The General went ahead with the cavalry. The battalion with which I had come from Fort N⸺ remained in the rearguard. Captain Hlopov’s and Lieutenant Rosenkranz’s battalions retired together.
The Captain’s prophecy was quite correct. No sooner had we entered the narrow thicket which he had mentioned, than on both sides of us we caught glimpses of hillsmen, mounted and on foot, and so near were they that I could distinctly see how some of them ran stooping, rifle in hand, from behind one tree to another.
The Captain took off his cap and piously crossed himself, some of the older soldiers did the same. From the wood were heard war-cries, and the words “ Iay giaour .” “ Urus! iay! ” Dry short rifle-shots, fast following one another, whizzed on both sides of us.

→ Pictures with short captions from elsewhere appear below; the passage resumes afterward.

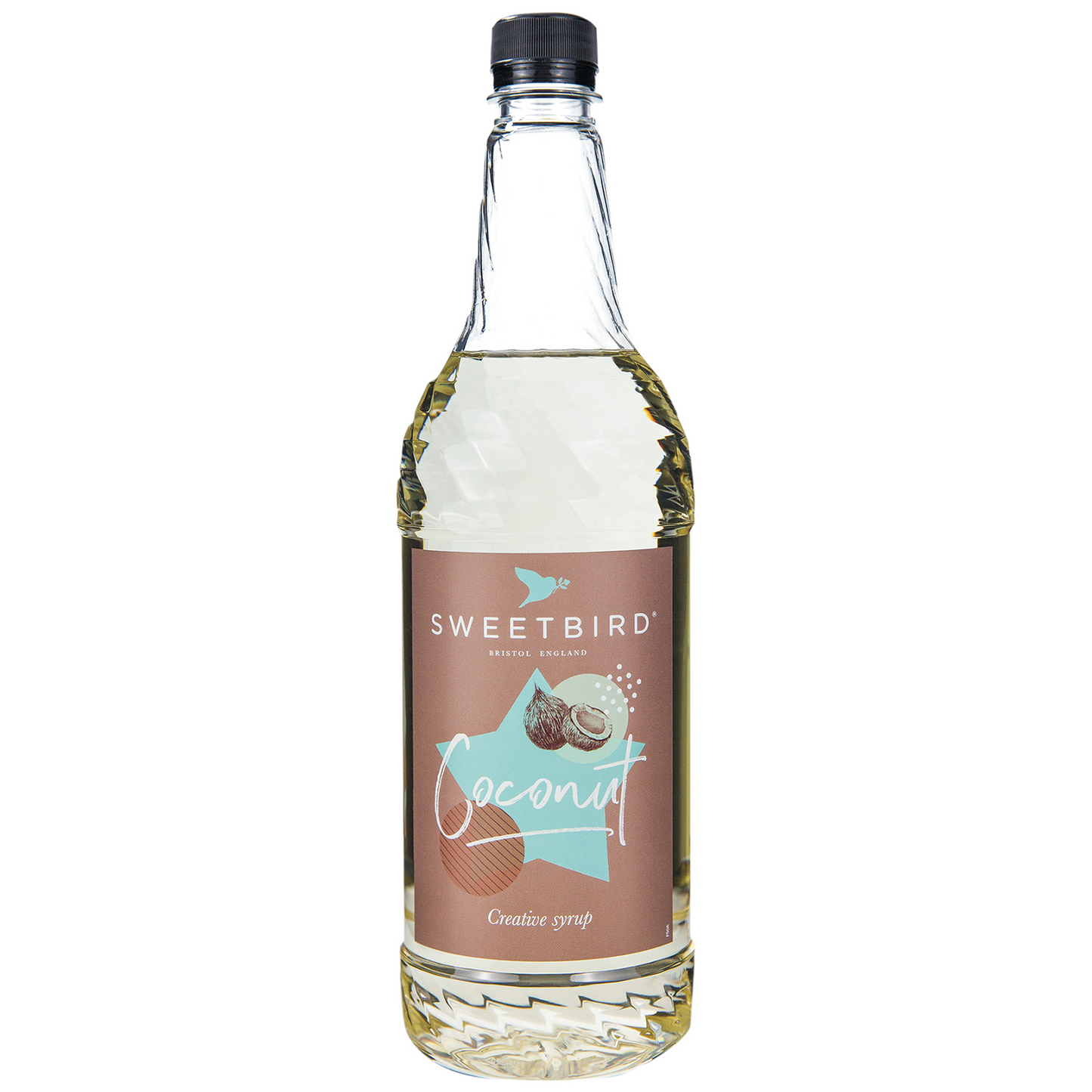 Sweetbird Coconut Syrup 1 litre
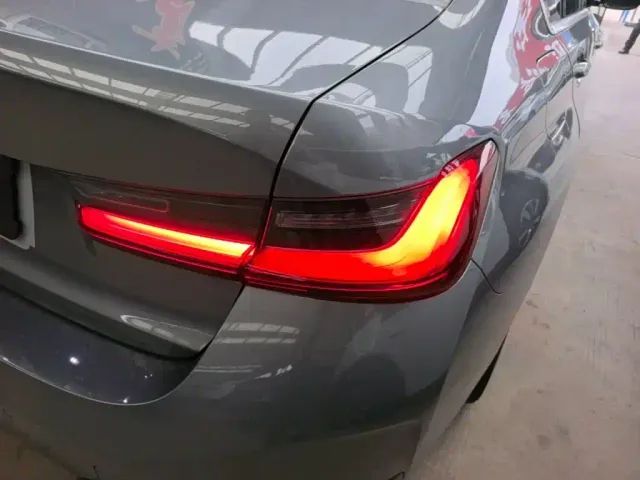 BMW i3 — Фото автомобиля 7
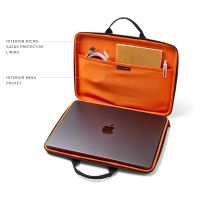 UAG Civilian Shock Laptop Hoes met Handvat 14 inch - Medium - Zwart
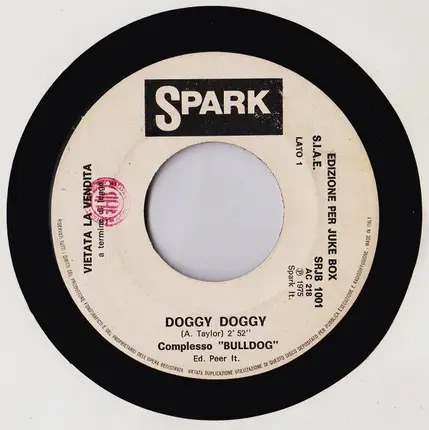 Bulldog - Doggy Doggy
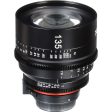 Samyang Xeen 135mm T2.2 Manual Focus Cine Lens For Sony E-Mount Mirrorless Cameras | SYXN135-E Online Hot Sale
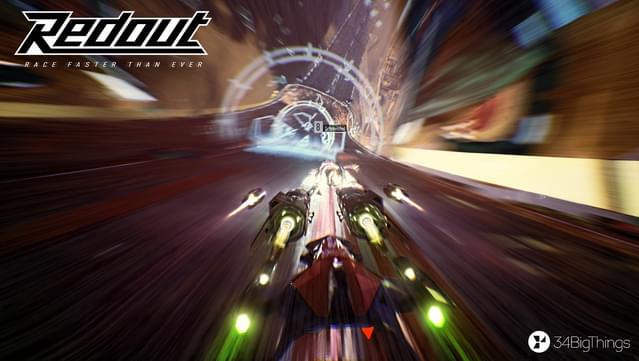 Redout: Solar Challenge Edition PC Screenshot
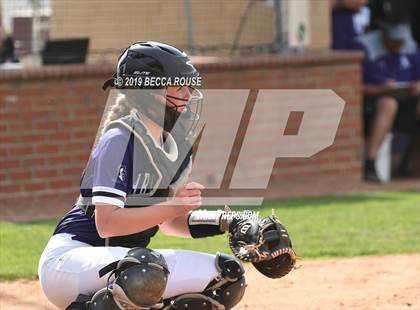 Thumbnail 3 in Ardrey Kell vs Olympic (SoMeck 7 4A Conference Tournament) photogallery.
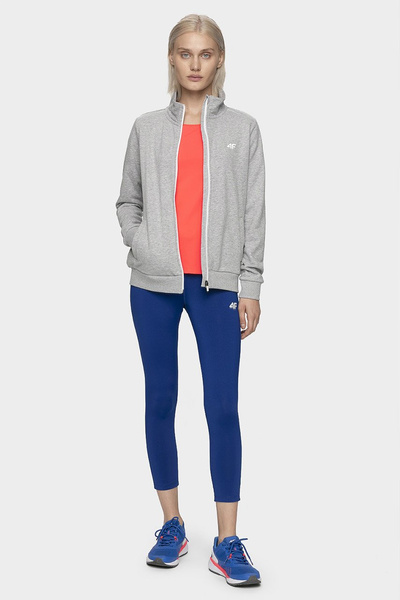 Bluza damska rozpinana 4F H4L19-BLD005-27M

Our men answered silently with a running fire, and only now and then remarks, like the following, were made in the ranks: “See where he fires from. It’s all right for him inside the wood. We ought to use the cannons,” and so forth.
Our ordnance was brought out and, after some grapeshot had been fired, the enemy seemed to grow weaker; but a moment later, and at every step taken by our troops, the enemy’s fire again grew hotter, and the shouting louder.
We had hardly gone seven hundred yards from the village before enemy cannonballs began whistling over our heads. I saw a soldier killed by a ball. … But why should I describe the details of that terrible picture, which I myself would give much to be able to forget! Lieutenant Rosenkranz kept firing his musket and incessantly shouted in a hoarse voice at the soldiers, and galloped from one end of the cordon to the other. He was rather pale, and this was very becoming to his warrior countenance.